= Increased limit factor =

Increased limit factors or ILFs are multiplicative factors that are applied to premiums for "basic" limits of coverage to determine premiums for higher limits of coverage. They are commonly used in casualty insurance pricing.

==Overview==

Often, limited data is available to determine appropriate charges for high limits of insurance. In order to price policies with high limits of insurance adequately, actuaries may first determine a "basic limit" premium and then apply increased limits factors. The basic limit is a lower limit of liability under which there is a more credible amount of data.

For example, basic limit loss costs or rates may be calculated for many territories and classes of business. At a relatively low limit of liability, such as $100,000, there may be a high volume of data that can be used to derive those rates. For higher limits, there may be a credible volume of data at the countrywide level but not much data available for individual territories or classes.

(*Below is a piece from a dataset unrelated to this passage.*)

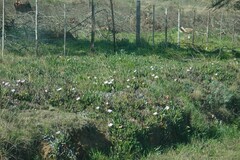 Carpobrotus mellei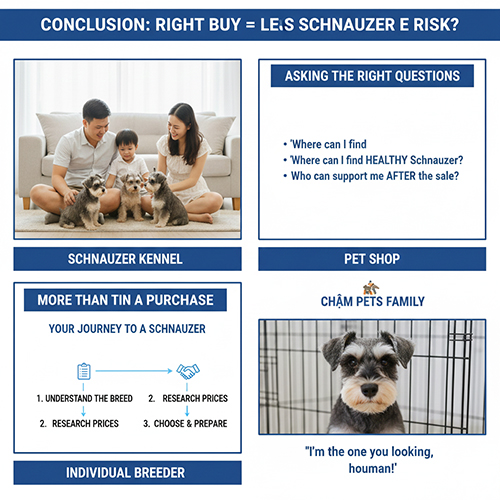 Tổng kết hành trình chọn mua Schnauzer: hiểu giống, nắm giá, chọn kênh uy tín và đặt câu hỏi đúng để giảm rủi ro.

Increased limit factors can be derived at the countrywide level (or some other broad grouping) and then applied to the basic limit rates to arrive at rates for higher limits of liability.

==Formula==
An increased limit factor (ILF) at limit L relative to basic limit B can be defined as

$ILF(L) = \dfrac{Expected\ indemnity\ cost(L) + ALAE(L) + ULAE(L) + RL(L)}{Expected\ indemnity\ cost(B) + ALAE(B) + ULAE(B) + RL(B)}$

where ALAE is the allocated loss adjustment expense provision, ULAE is the unallocated loss adjustment expense provision, and RL is the risk load provision.

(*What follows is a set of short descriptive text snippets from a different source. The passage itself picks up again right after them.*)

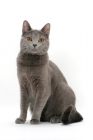 Picture of female Chartreux cat, sitting down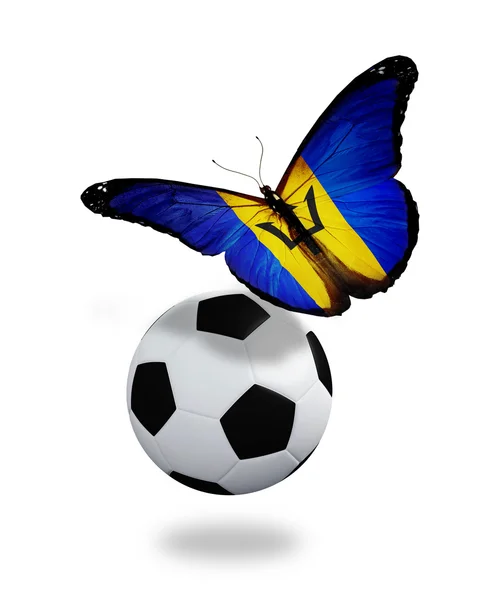 Концепция - бабочка с флагом Барбадоса, развевающимся рядом с мячом, как — стоковое фото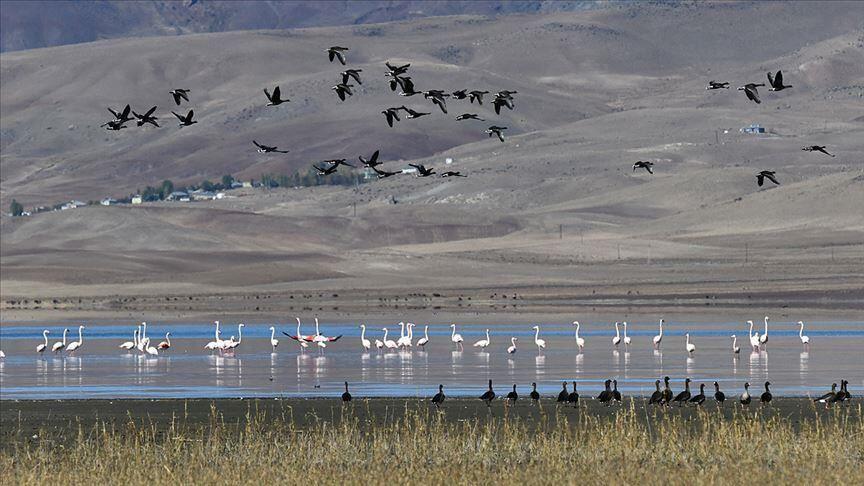 Экотуристы выбирают озеро Куючук в Турции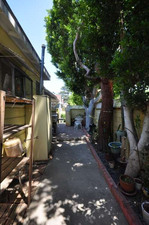 Enlarge photo 67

An indemnity-only ILF can be expressed as

$ILF(L) = \dfrac{Expected\ indemnity\ cost(L)}{Expected\ indemnity\ cost(B)} = \dfrac{Expected\ frequency(L) * Expected\ severity(L)}{Expected\ frequency(B) * Expected\ severity(B)}$

Often, frequency is assumed to be independent of the policy limit, in which case the formula can be simplified to

$ILF(L) = \dfrac{Expected\ severity(L)}{Expected\ severity(B)}$

The expected severity at each limit is often referred to as "limited average severity," or LAS.

==Examples==

In the United States, many insurers use ILFs published by the Insurance Services Office, a division of Verisk.